A couple of observations from South Louisiana:

When I lived in Baton Rouge in the 90’s and was involved a little in construction, a little in tree work, a little in landscaping, Baton Rouge was one of the top ten fastest growing cities and the sprawl was taking over a lot of formerly wooded areas. The trees did not fare well for long. A lot of time just the construction vehicles driving over roots was enough to do them in. Baton Rouge has a fair number of trees: as you come over the Mississippi River Bridge it looks like a forest other than LSU and downtown.
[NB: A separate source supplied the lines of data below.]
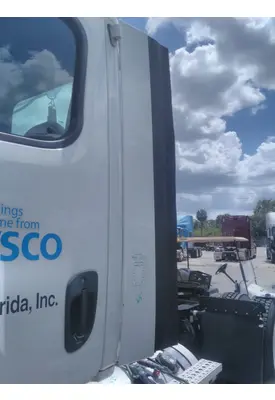 FREIGHTLINER CASCADIA 113 CAB EXTENSION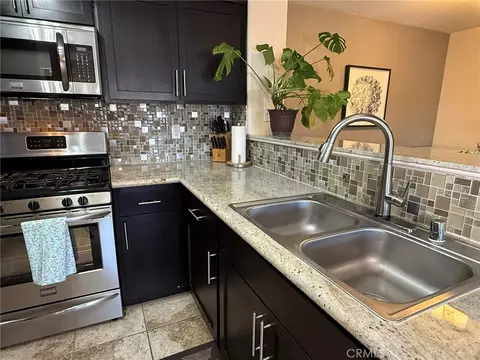 Kitchen - 44780 Adam, Temecula, CA 92592 photo 2 of 4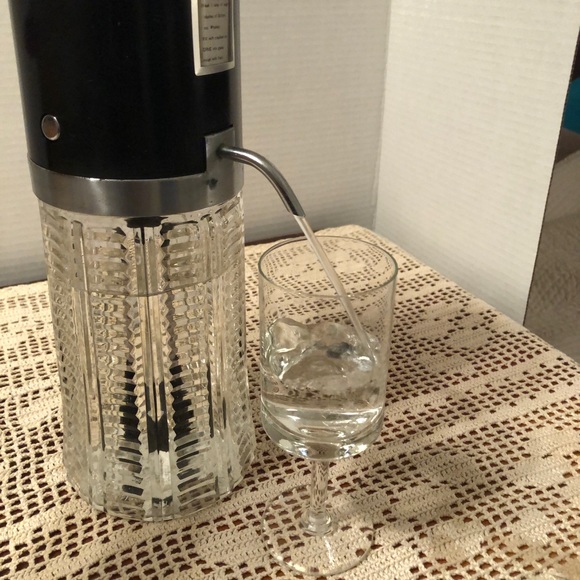 Rare cordless mix and serve drink dispenser - Picture 3 of 16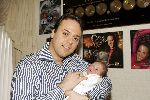 Fijnaart 7 maart 2005
Frans Bauer met zijn baby Frans Jr   Bauer.
peter Smulders bv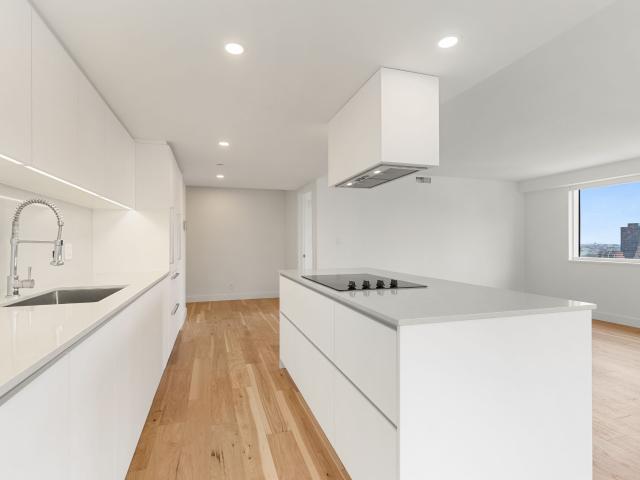 apartment at 3460 Peel Street Downtown McGill Montreal H3A 2M1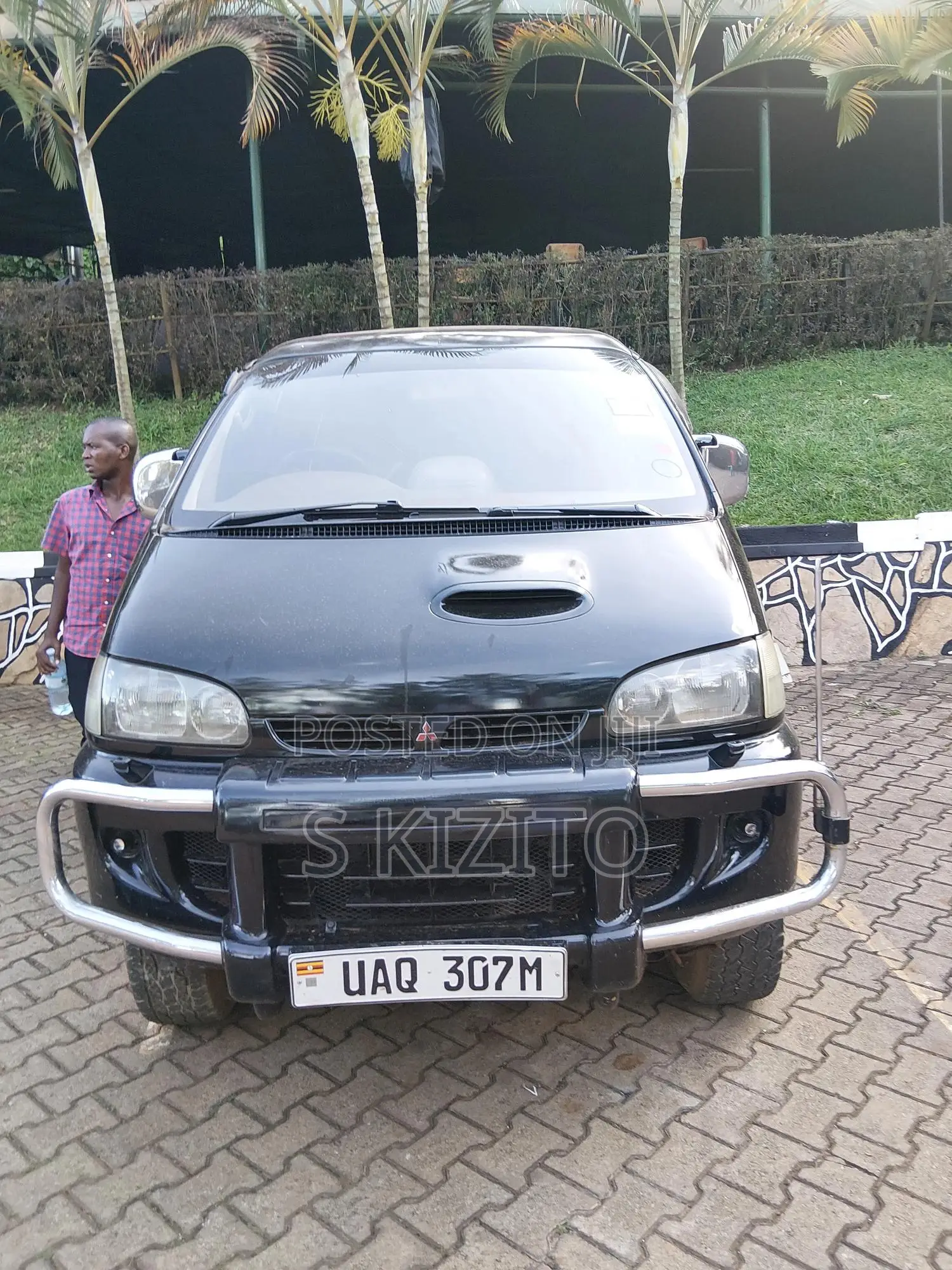 Mitsubishi SpaceWagon 1998 Black
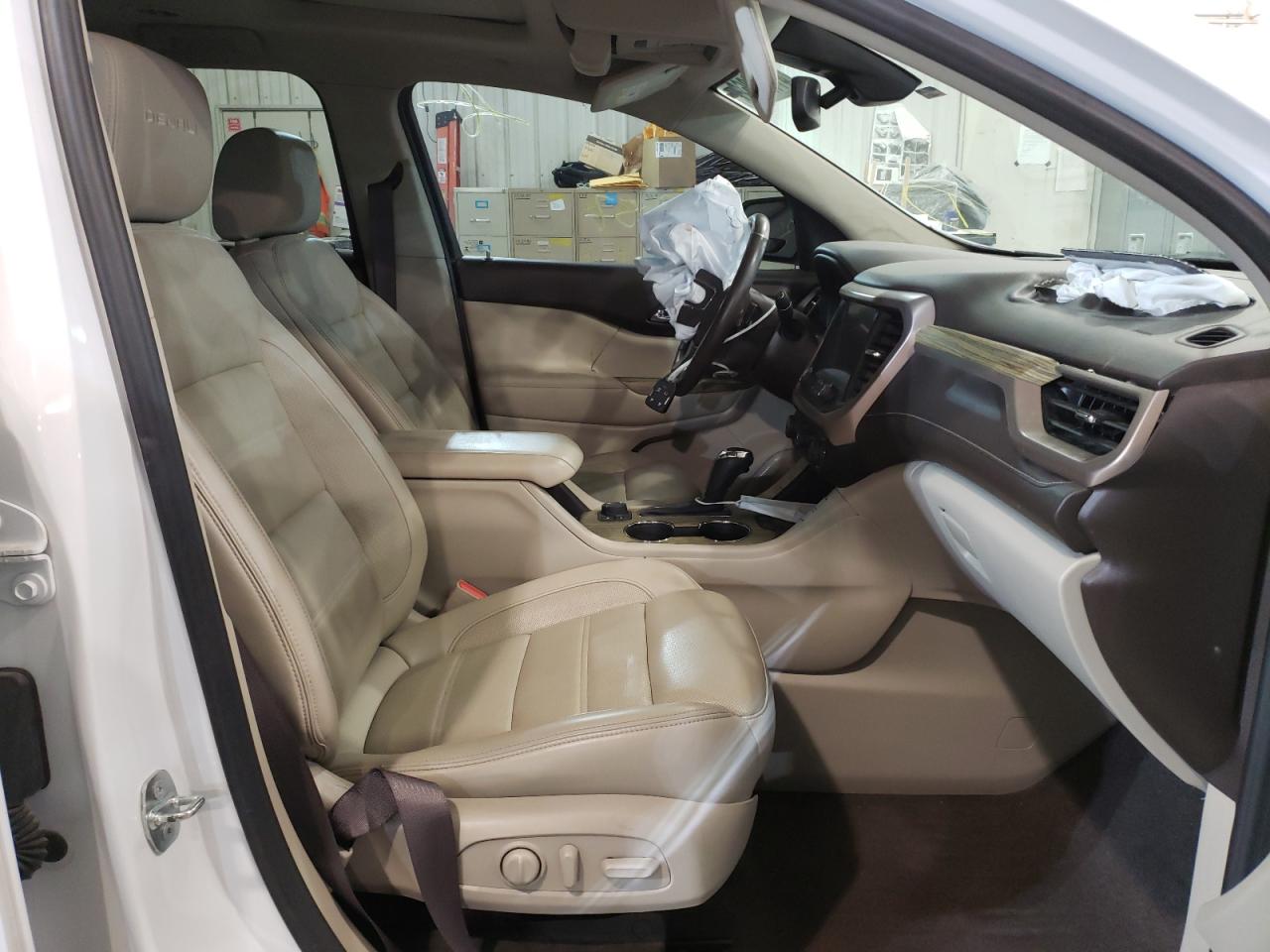 Photo 5 from auction – 2018 GMC ACADIA DEN with VIN 1GKKNPLS4JZ239858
As you mentioned, it’s due in large part to people taking a lot of measures to protect the trees. As far as risk posed by them, a lot of the trees in Baton Rouge, are Live Oaks. It takes something really extraordinary to blow one of them over. The’ve been taking major hurricanes, many of them, for centuries now.

Now I’m over in Lake Charles, in Southwest Louisiana. Not much wood goes to waste here. The tree cutting companies all either sell firewood or dump it on someone who does. (Same was true in Baton Rouge) Any limbs that an individual puts out on the side of the road is pounced on within 24 hours by someone cutting wood for himself. The one time some wood went to waste was 2005 with Hurricane Rita because there were so many trees down there was no way to use all the wood before it rotted and it was too expensive to haul it to other areas for sale.

As a homeowner, how do you sell “clean-limbed, valuable logs for lumber sales?” Who’s going to buy lumber from a homeowner?